**PROBLEM TO SOLVE**
Reply with one number: the count of lines in the records below that hold "Avenue".

**DATA PROVIDED**
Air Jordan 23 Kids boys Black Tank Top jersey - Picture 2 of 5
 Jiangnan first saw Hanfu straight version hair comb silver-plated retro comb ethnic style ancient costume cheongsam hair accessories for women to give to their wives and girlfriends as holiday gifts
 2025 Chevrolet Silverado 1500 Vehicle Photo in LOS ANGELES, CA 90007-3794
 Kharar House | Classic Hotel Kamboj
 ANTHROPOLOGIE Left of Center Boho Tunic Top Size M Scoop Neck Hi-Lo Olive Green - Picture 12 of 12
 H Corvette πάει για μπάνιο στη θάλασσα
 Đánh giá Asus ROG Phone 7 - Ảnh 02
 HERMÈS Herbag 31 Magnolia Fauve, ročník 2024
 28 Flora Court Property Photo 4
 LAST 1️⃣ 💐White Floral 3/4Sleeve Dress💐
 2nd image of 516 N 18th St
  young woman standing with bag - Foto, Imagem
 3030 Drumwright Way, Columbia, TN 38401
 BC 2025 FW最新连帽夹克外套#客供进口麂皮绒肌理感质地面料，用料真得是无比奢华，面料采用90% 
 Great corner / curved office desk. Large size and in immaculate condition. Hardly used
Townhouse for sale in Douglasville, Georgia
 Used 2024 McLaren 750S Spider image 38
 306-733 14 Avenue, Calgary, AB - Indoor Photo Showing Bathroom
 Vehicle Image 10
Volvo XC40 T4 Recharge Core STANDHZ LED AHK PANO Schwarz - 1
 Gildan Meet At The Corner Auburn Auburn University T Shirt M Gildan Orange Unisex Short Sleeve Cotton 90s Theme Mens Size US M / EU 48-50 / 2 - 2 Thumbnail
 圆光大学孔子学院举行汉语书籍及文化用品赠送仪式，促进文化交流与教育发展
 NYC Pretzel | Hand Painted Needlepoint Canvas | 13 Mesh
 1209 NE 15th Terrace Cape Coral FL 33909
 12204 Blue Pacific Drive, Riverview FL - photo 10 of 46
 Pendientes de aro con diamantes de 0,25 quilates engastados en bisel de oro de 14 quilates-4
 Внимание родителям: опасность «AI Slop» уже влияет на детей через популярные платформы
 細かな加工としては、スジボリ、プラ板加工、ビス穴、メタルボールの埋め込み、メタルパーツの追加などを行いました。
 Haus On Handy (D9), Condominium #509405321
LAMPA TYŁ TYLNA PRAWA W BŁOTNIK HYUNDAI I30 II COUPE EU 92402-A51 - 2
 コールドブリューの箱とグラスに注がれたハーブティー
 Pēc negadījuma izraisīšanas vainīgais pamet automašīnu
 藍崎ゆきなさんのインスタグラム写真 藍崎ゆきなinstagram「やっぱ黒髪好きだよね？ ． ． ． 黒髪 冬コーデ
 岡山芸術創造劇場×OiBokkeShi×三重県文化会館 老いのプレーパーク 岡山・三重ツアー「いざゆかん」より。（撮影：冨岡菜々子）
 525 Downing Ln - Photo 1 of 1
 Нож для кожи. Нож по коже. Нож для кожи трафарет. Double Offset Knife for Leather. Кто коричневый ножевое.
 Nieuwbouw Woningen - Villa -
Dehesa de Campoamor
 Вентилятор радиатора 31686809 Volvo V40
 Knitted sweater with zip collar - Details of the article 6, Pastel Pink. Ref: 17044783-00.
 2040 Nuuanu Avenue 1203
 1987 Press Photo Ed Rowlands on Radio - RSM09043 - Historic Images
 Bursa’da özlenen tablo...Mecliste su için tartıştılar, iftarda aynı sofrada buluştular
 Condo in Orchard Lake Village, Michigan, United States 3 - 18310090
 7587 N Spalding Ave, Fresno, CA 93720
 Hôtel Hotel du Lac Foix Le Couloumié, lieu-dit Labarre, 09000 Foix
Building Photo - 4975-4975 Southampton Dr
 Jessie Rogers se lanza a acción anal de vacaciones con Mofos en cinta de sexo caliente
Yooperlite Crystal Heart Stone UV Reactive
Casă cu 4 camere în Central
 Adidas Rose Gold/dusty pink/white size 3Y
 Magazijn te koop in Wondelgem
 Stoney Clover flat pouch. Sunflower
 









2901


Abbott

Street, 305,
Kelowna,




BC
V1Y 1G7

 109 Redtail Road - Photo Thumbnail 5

**SOLVED EXERCISE**
2